◆ DATA FOR THIS TASK:
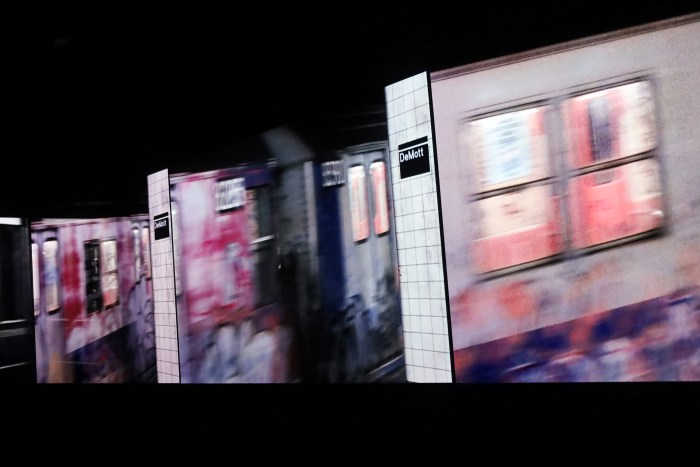 A real NYC-transit train bustles through the fictitious train stop, DeMott Avenue, in the movie, "Beat Street" (1984)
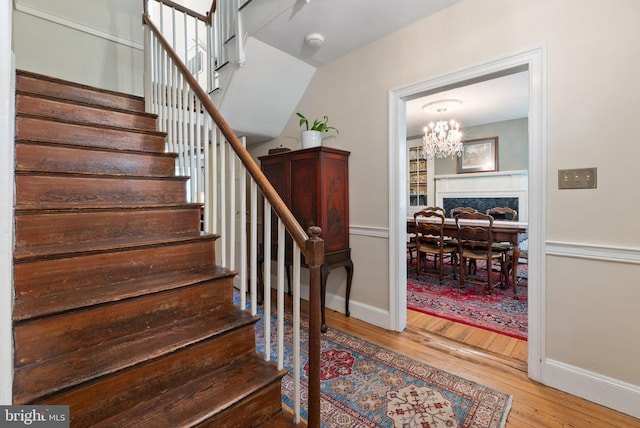 stairway featuring hardwood / wood-style floors and a chandelier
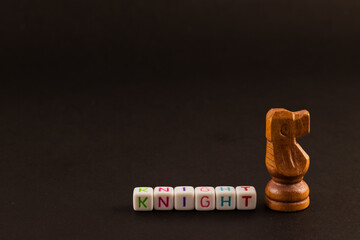 A majestic chess king stands tall, its presence commanding attention. The word 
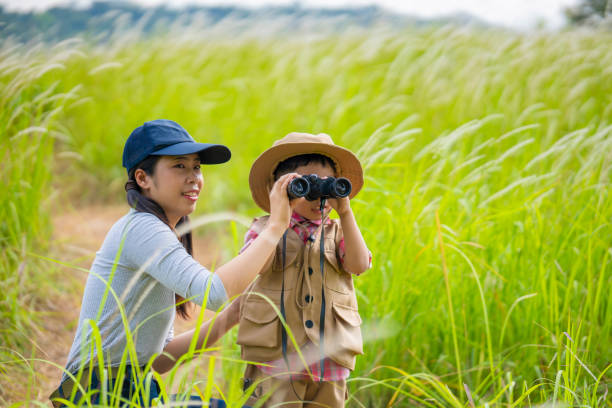 istock Mother teaching son Use binoculars They go hiking 2162738270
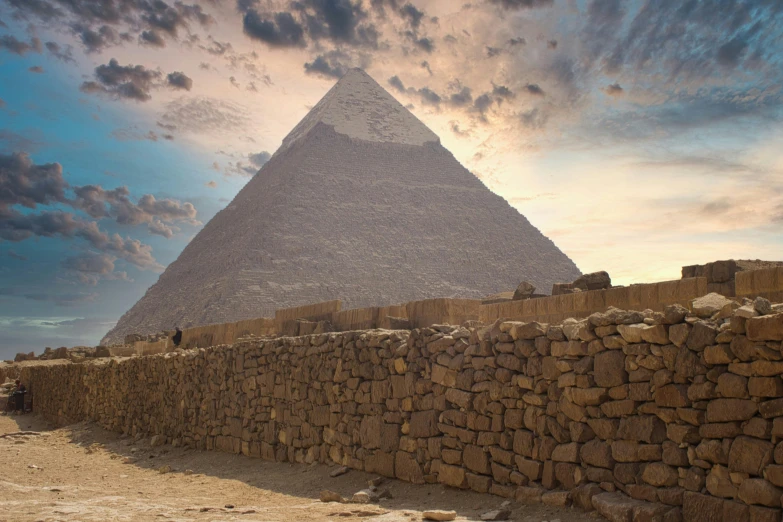 the great sphinx with stone walls, in front of the pyramid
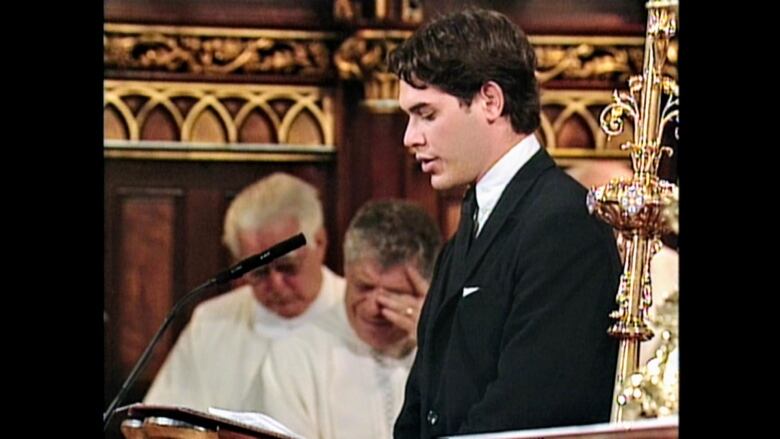 Alexander Green performing a reading at the funeral of Pierre Elliott Trudeau. 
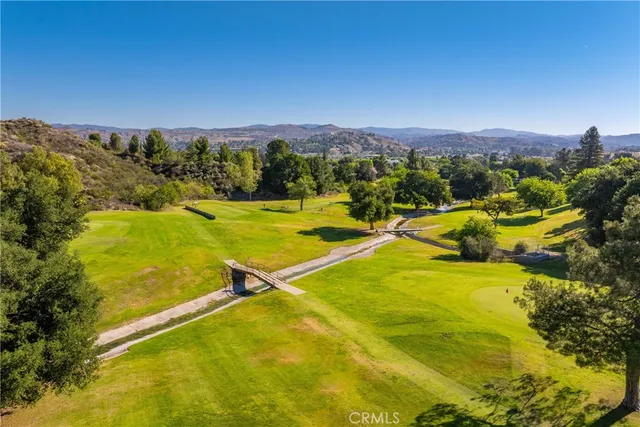 a view of a swimming pool with a yard
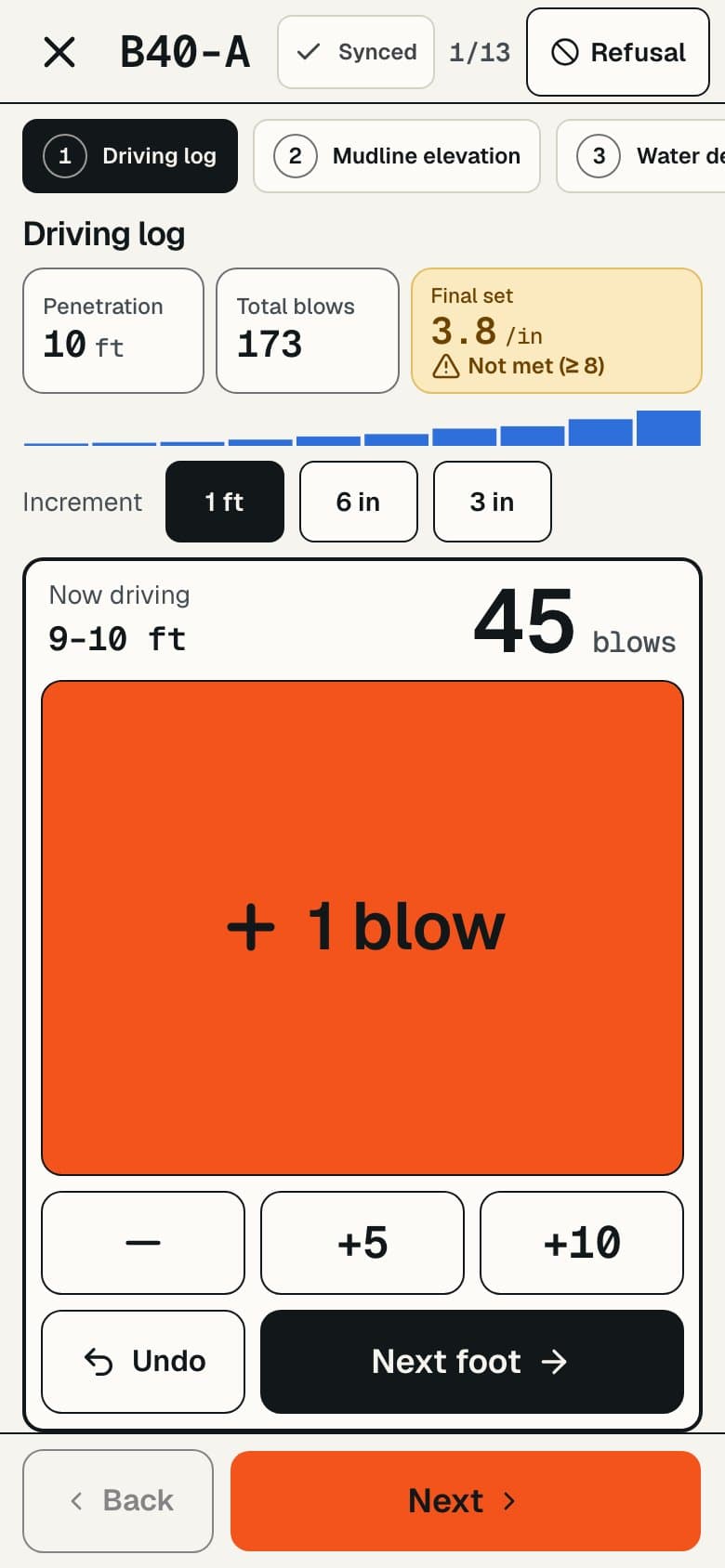 The driving log on a phone, with a button for each foot of penetration and a refusal hint.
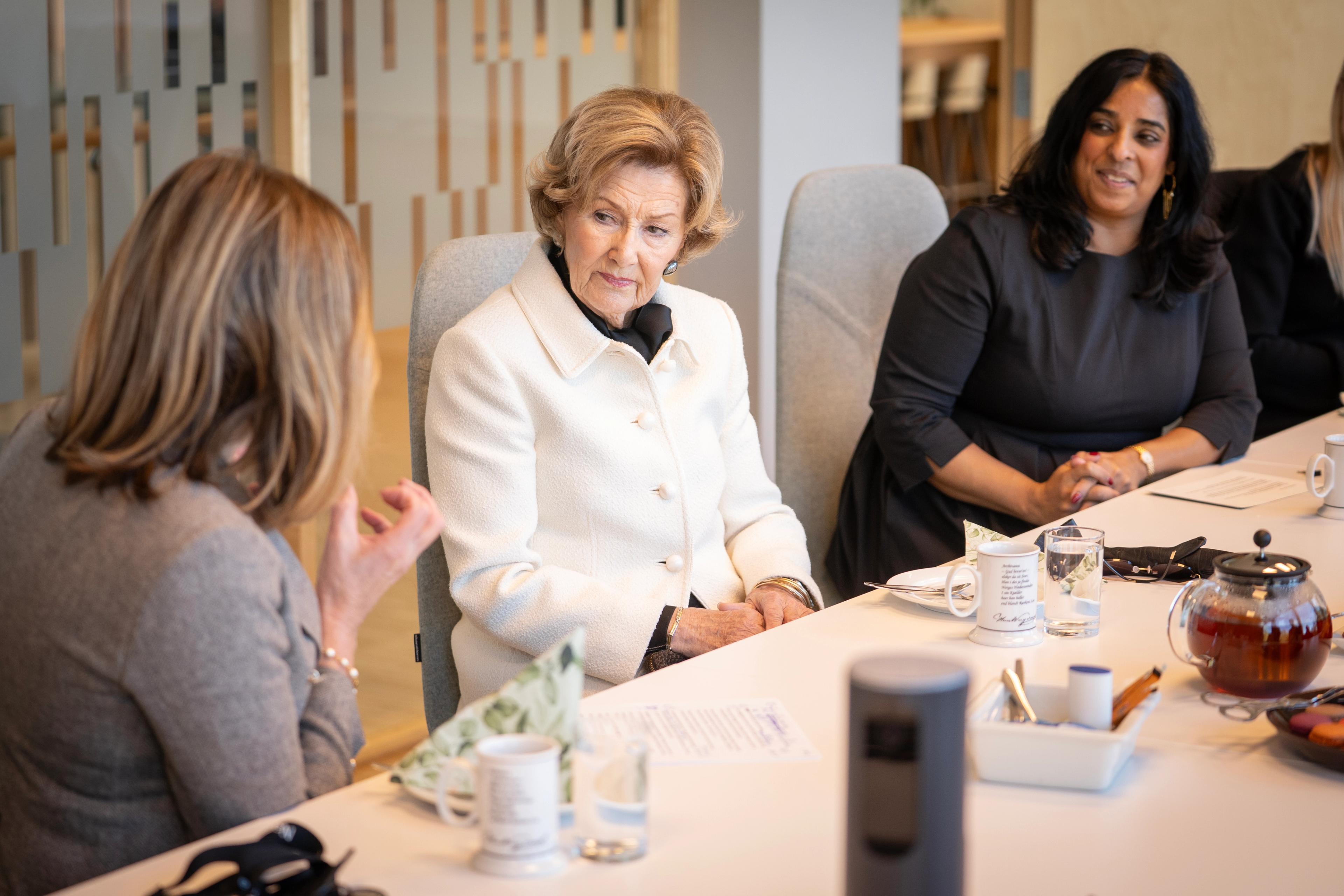 Dronning Sonja og statsråd Lubna Jaffrey ser på Inga Bolstad under orienteringen.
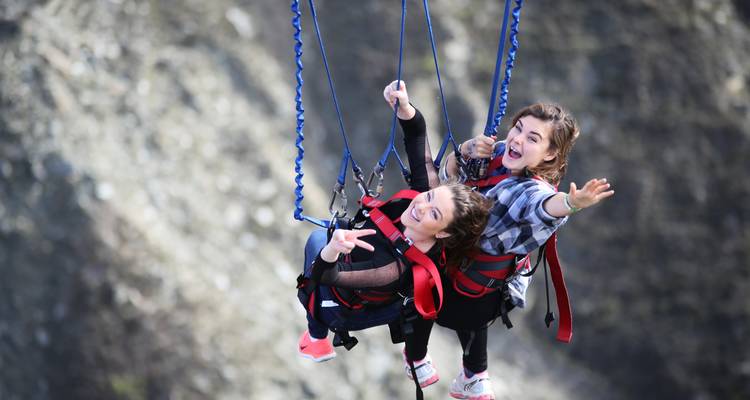 Twee sensatiezoekers zwaaien hoog boven een canyon op een tandem bungeejump.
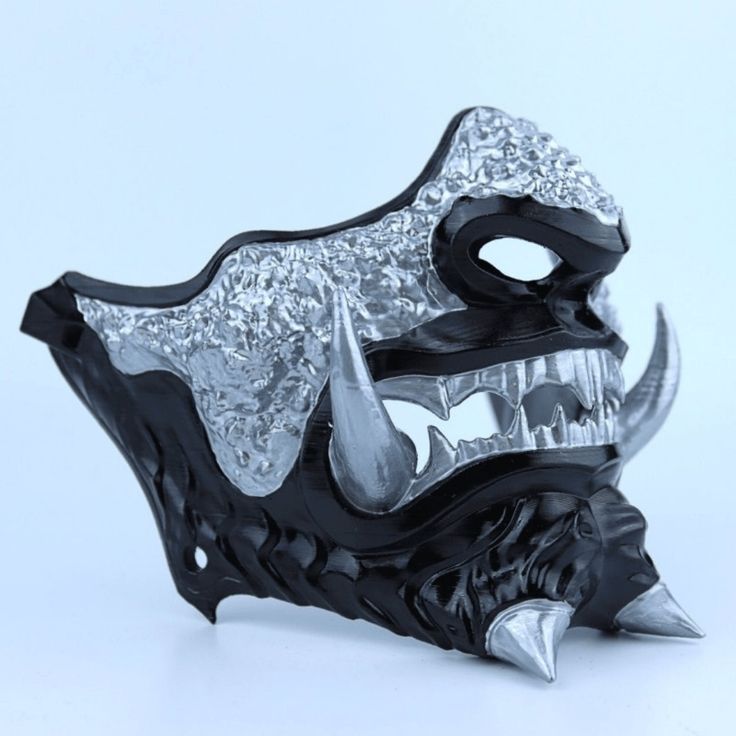 a black and silver mask with spikes on it's face is seen against a white background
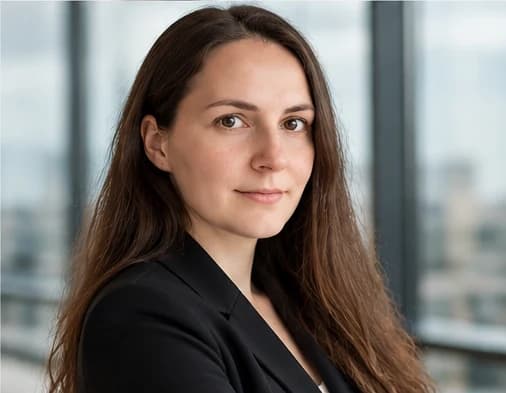 Hanna Railė, Google Ads specialist, in a black blazer by a window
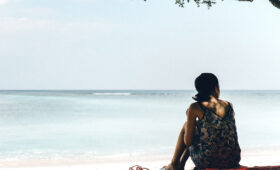 Girl on a lonely beach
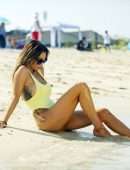 Laura Anderson in a Yellow Swimsuit Enjoys a Day at the Beach in Dubai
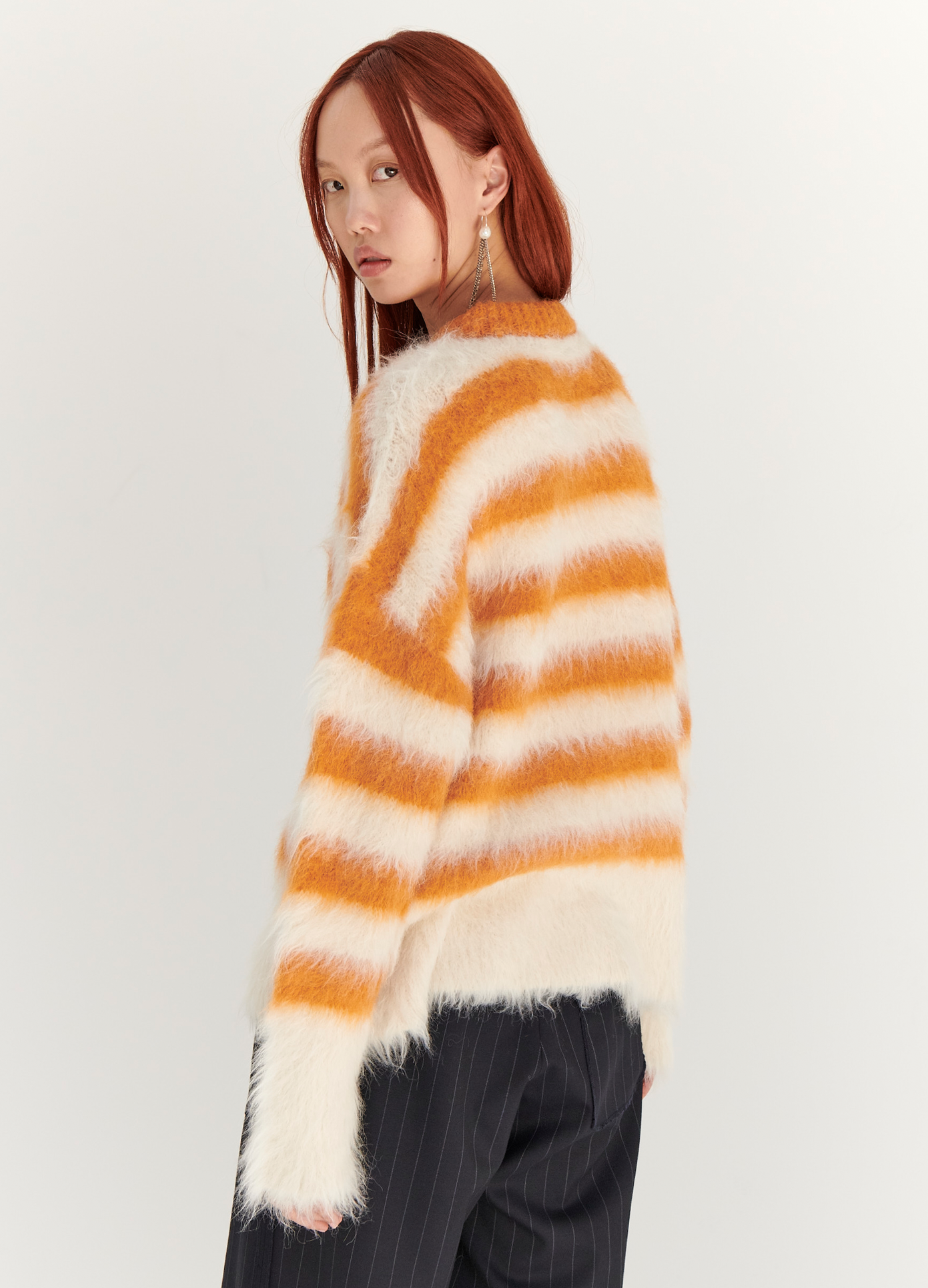 MONSE Striped Alpaca Sweater in White and Orange on model back view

◆ WORK TO BE COMPLETED:
Repeat exactly the lines from the start of the entries down to the line with "the great sphinx", keeping both ends but none of the pictures.

◆ SOLVED EXERCISE:
 A real NYC-transit train bustles through the fictitious train stop, DeMott Avenue, in the movie, "Beat Street" (1984)
 stairway featuring hardwood / wood-style floors and a chandelier
 A majestic chess king stands tall, its presence commanding attention. The word 
 istock Mother teaching son Use binoculars They go hiking 2162738270
 the great sphinx with stone walls, in front of the pyramid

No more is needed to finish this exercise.